Depuis Bombay, il semblerait que l’Inde, ou pour être plus précis, le cinéma en hindi, fait sensation à Cannes : de grandes affiches promues par L’Oréal proclament dans toute la ville que le Festival fête les cent ans du cinéma indien ; toute la presse s’enorgueillit de la présence de quatre films indiens (compétition ou hors compétition, dans différentes sections) et des défilés sur le tapis rouge des stars Aishwarya Rai, Sonam Kapoor (qui n’ont pourtant rien d’autre à faire là que de représenter L’Oréal) ou de Vidya Balan, jolie représentante indienne au jury (certes, plus à sa place que Meg Ryan s’il faut se contenter de si peu).

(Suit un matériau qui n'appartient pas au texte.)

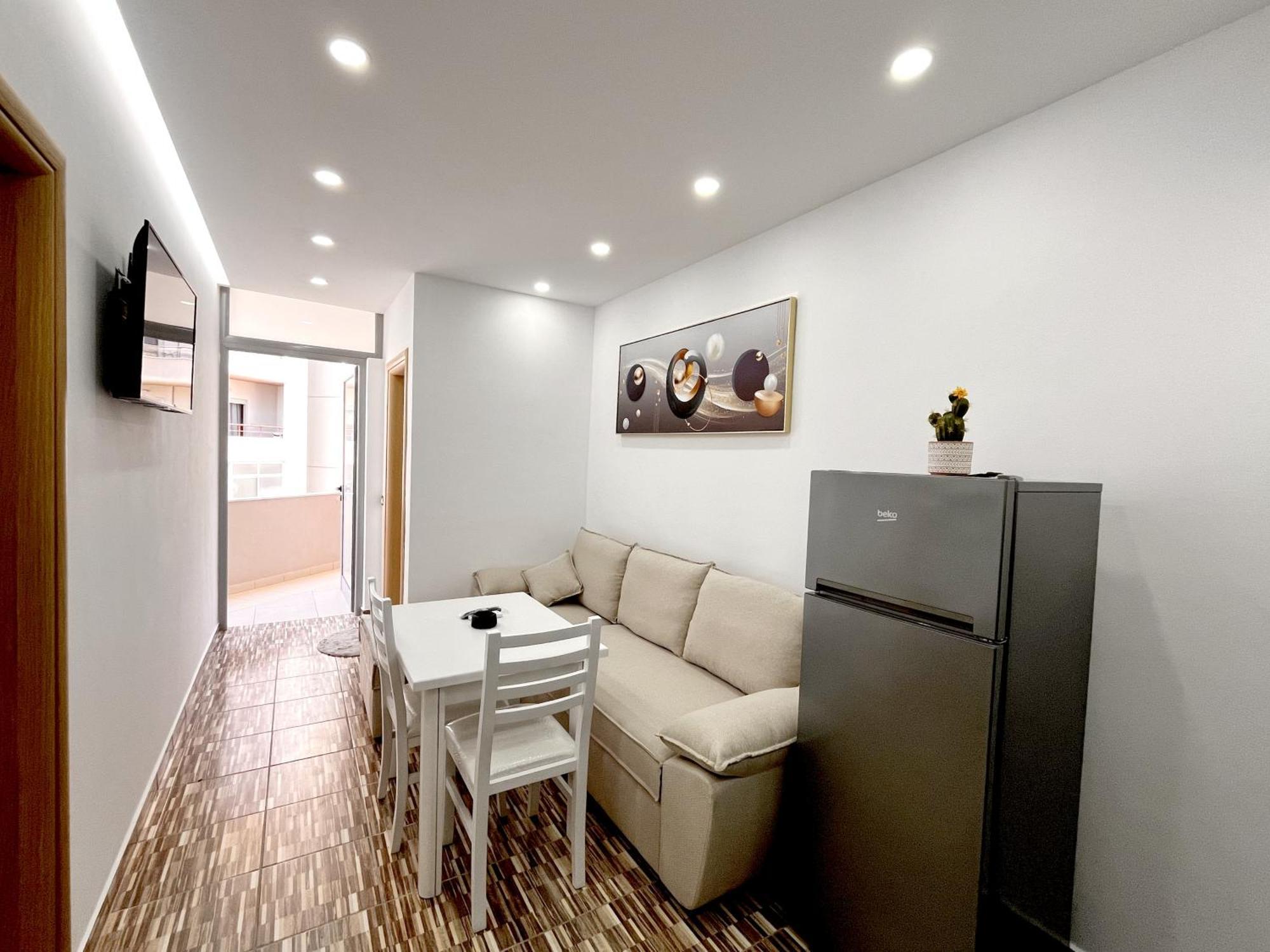 Kam Apartments In The City Center Vlorë Esterno foto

À lire la presse française, évidemment, le soufflé retombe rapidement – la presse internationale a été un chouïa plus prolixe. Peu de retours sur les films indiens présents au Festival : pas grand-chose sur Bombay Talkies, présenté hors compétition dimanche dernier pour une soirée célébrant le centenaire du cinéma et qui n’a même pas eu les honneurs du Grand Théâtre Lumière, ou pour Monsoon Shootout, d’Amit Kumar, en compétition pour la Caméra d’or ; un peu plus sur Ugly, d’Anurag Kashyap, à la Quinzaine des réalisateurs (qui avait déjà invité le cinéaste pour Gangs of Wasseypur l’année dernière) et quelques bravos pour The Lunchbox, de Ritesh Batra, qui a dégoté le Rail d’Or à la Semaine de la critique. Qui enfin a relayé l’information selon laquelle Anurag Kashyap, réalisateur de deux de ces quatre films, mais aussi producteur des deux autres, a reçu l’ordre du Chevalier des arts et des lettres la semaine dernière – information pour le coup très surprenante quand on connaît à la fois le cinéma indien et la façon dont est distribuée cette distinction honorifique ?

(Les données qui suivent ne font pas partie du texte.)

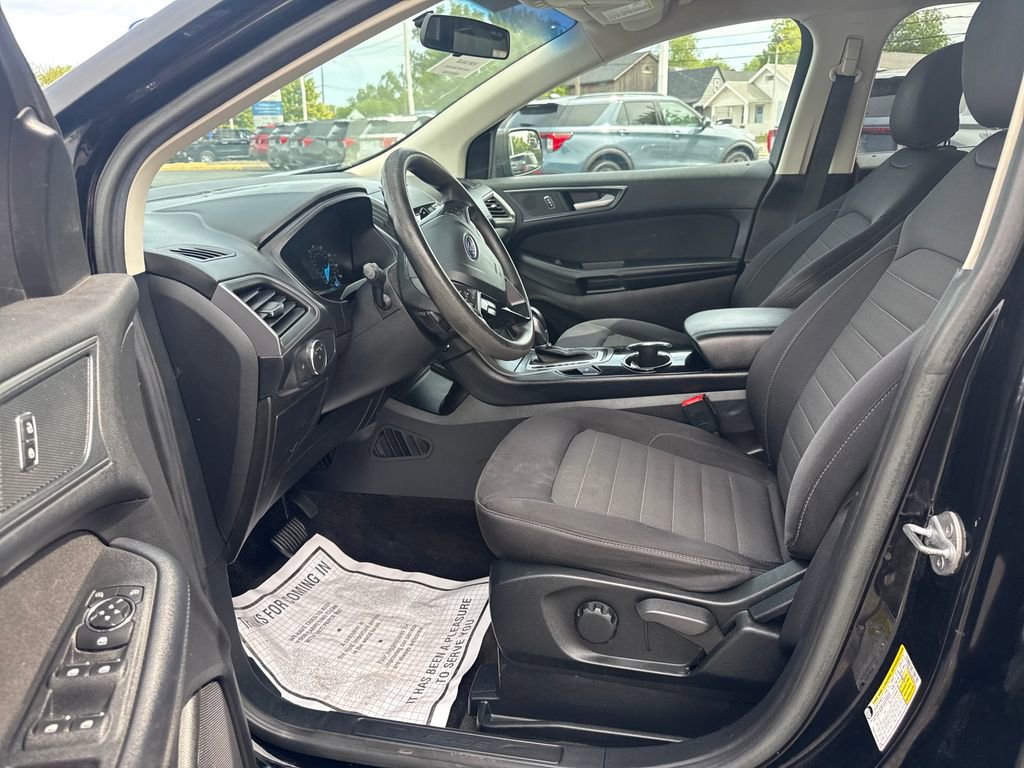 Used 2018 Ford Edge SE FWD image 14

Cette absence d’enthousiasme pourrait trouver deux types d’explications. La première est que la critique française se fiche éperdument du cinéma indien, et préfère jouer les pronostics sur la sélection officielle. Argument sans doute raisonné, mais un peu dépassé, et sans doute trop facile. Une grande part de la presse – et Critikat parmi les premiers – s’acharne depuis quelques années à regretter que la sélection officielle ne soit pas aussi audacieuse que les autres sélections, et notamment la Quinzaine. La sélection officielle reste un club assez fermé, invitant peu ou prou toujours les mêmes cinéastes, et qui mettra sans doute beaucoup de temps à s’ouvrir au cinéma indien – la dernière fois qu’un film indien s’est trouvé en sélection remonte à 1994. Puisque le cinéma indien s’invite à la Semaine de la critique ou à la Quinzaine, on aurait pu imaginer que la critique française la plus « intellectuelle » se pencherait avec délectation sur le cas indien. Raté.

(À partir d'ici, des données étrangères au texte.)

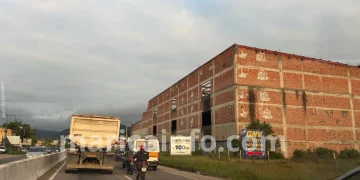 Prefeito de Maricá anuncia demolição de prédio abandonado para construção de campus e melhorias na drenagem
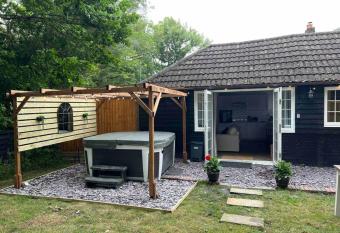 Hot Tub hideaway! New Forest has rooms with a private hot tub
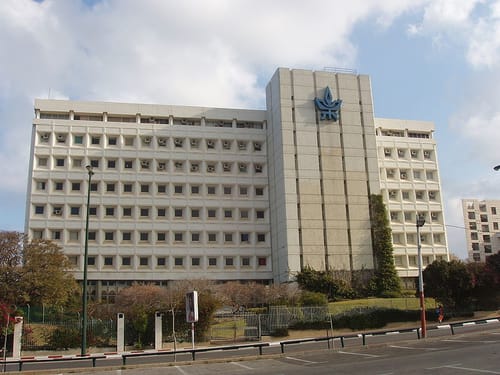 אונברסיטת ת"א: הפרופ' גירש את העיתונאי מרדיו גל"י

Le peu d’intérêt que ce cinéma suscite en France s’ajoute à une méconnaissance à la limite de la paresse journalistique : ici, Le Monde indique que Vidya Balan, membre du jury, joue dans Bombay Talkies (nous défions qui que ce soit de l’apercevoir ne serait-ce qu’une minute dans un des quatre courts métrages…) ; là Libération annonce que le cinéma indien se lance dans le remake de blockbusters hollywoodiens (ce qu’il fait déjà des dizaines d’années… au point d’être raillé pour cela, et d’avoir été surnommé Bollywood, contraction de Bombay et… Hollywood). Est-ce vraiment tout à fait la faute de la critique française ? Ne faudrait-il pas aussi admettre que le cinéma indien n’est pas encore parvenu à la qualité technique/artistique/scénaristique nécessaire pour rivaliser avec le reste des films sélectionnés, même avec des œuvres venues du Tchad ? Certains réalisateurs indiens en arrivent même à regretter que leurs films soient sélectionnés, ayant peur que ce semi-succès les rendent trop contents d’eux-mêmes pour leur donner la rage nécessaire à l’aboutissement de la révolution cinématographique mise en marche depuis les années 2000.
Certes, ce n’est pas encore cette année que l’Inde fera des remous à Cannes ; il pourrait même arriver, dans quelques années, que les réalisateurs indiens se mordent les doigts d’avoir trop vite crié victoire. Dans la version optimiste à laquelle nous préférons croire, ce sera en fait la presse française qui s’étonnera d’avoir fermé les yeux devant une cinématographie qui pourrait renouveler, n’ayant pas peur des grands mots, l’univers du cinéma mondial.